Lingkungan sekitar juga tidak luput dari dampak kerusakan. Tanaman di area taman rusak dan tercabut. Trotoar serta badan jalan tampak dilumuri oli, yang diduga merupakan sisa dari dinamika aksi massa. Gulungan kawat berduri yang masih berserakan di trotoar kini menjadi penghambat bagi para pejalan kaki yang melintas di wilayah tersebut.
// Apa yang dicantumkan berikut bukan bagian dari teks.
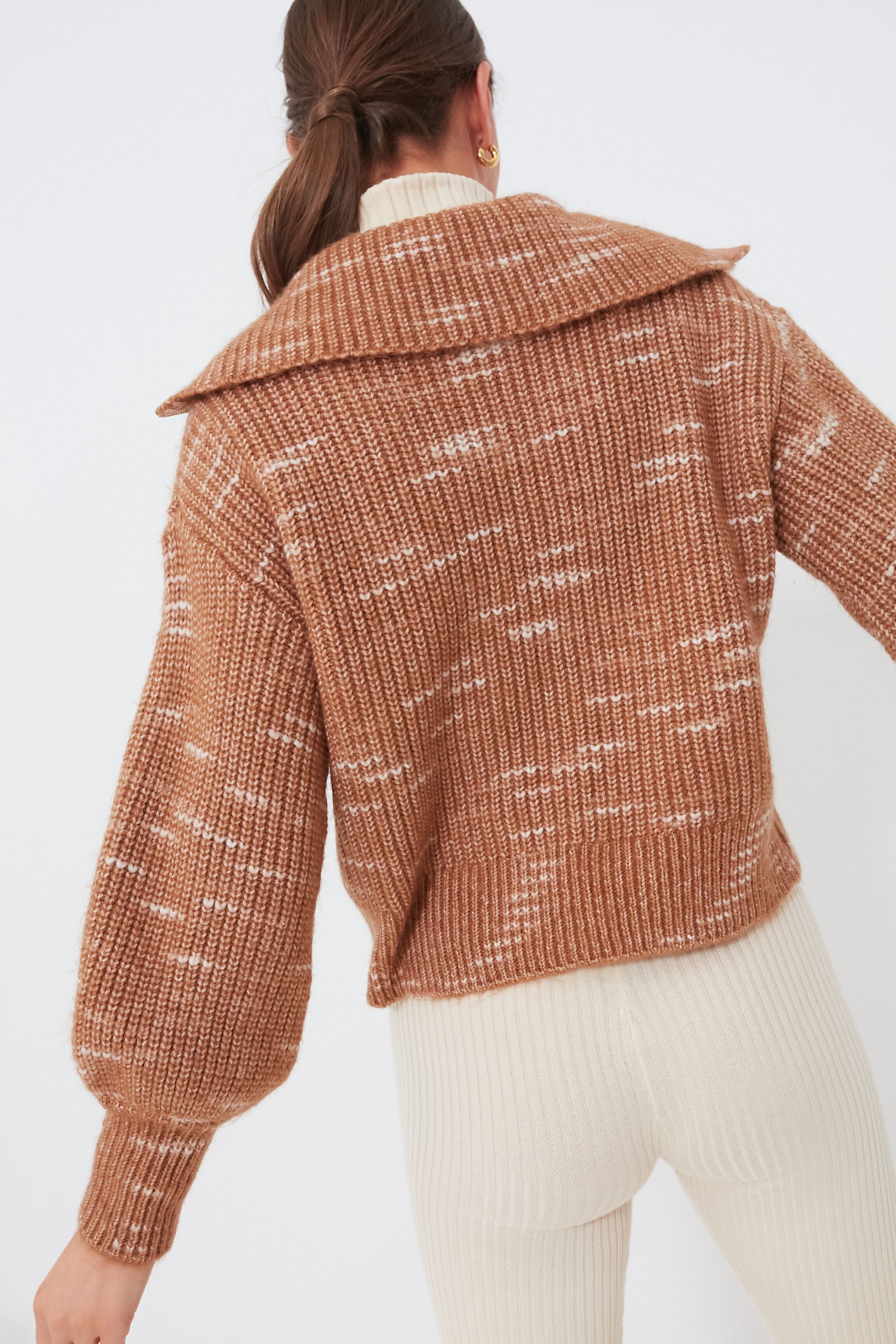 Golden Bronze and Egret Ridley Half Zip Knit-Beilave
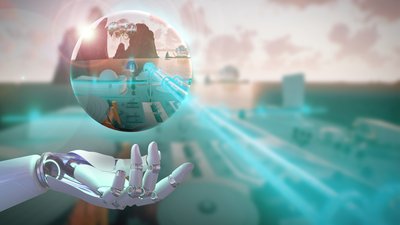 AI robothand with Metaverse globe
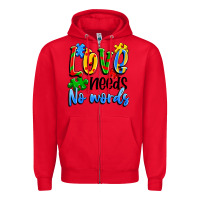Red love needs no words Zipper Hoodie - Artiststas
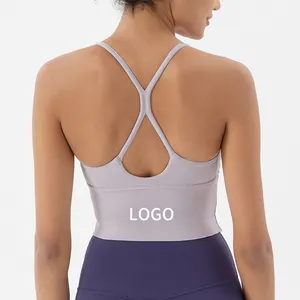 WX26-camisetas sin mangas deportivas ligeras de impacto medio, con almohadillas extraíbles, sujetador de Yoga Atlético largo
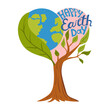 © _aine_ - Vibrant Earth Day card featuring a heart-shaped composition with world globe integrated into a flourishing tree with green leaves. Stylized Happy Earth Day text promotes environmental care.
Aliansi Masyarakat: Fokus Kami di DPRD, Bukan Gubernur
Dikonfirmasi terpisah, Koordinator Lapangan Aliansi Perjuangan Masyarakat Kaltim, Erly Sopiansyah, menegaskan bahwa pihaknya sejak awal tidak menargetkan pertemuan dengan gubernur. Fokus utama massa adalah mendesak fungsi pengawasan legislatif.
“Goal kami ada di DPR Provinsi Kalimantan Timur. Alhamdulillah, tuntutan kami sudah diterima pimpinan tujuh fraksi dan disepakati. Tinggal kami mengawal prosesnya,” ujar Erly, Rabu (22/4/2026).
Terkait kerusakan yang terjadi, Erly menyebut komitmen awal aliansi adalah aksi damai hingga pukul 17.00 WITA. Ia menyatakan bahwa dinamika kericuhan yang terjadi setelah jam tersebut berada di luar kendali kelompoknya. Erly juga mengungkapkan apresiasi atas dukungan masyarakat yang memberikan donasi logistik dan dana mencapai Rp 26 juta untuk mendukung aksi tersebut.
Respons Gubernur Melalui Media Sosial
Meskipun enggan ditemui secara langsung di kantornya, Gubernur Rudy Mas’ud memberikan tanggapan melalui unggahan di akun Instagram resminya. Ia menyampaikan apresiasi kepada mahasiswa dan masyarakat yang menjalankan fungsi kontrol sosial.
“Masukan hari ini sangat berarti dan berkelas. Kami berharap masyarakat bisa menjadi mata dan telinga dalam melakukan perbaikan dan evaluasi kinerja Pemerintah Provinsi Kalimantan Timur,” tulis Rudy dalam unggahannya.
Hingga kini, publik masih menanti respons konkret pemerintah provinsi terkait tuntutan evaluasi anggaran rumah jabatan senilai Rp 25 miliar dan pengadaan mobil mewah Range Rover seharga Rp 8,5 miliar yang menjadi pemicu utama kemarahan massa.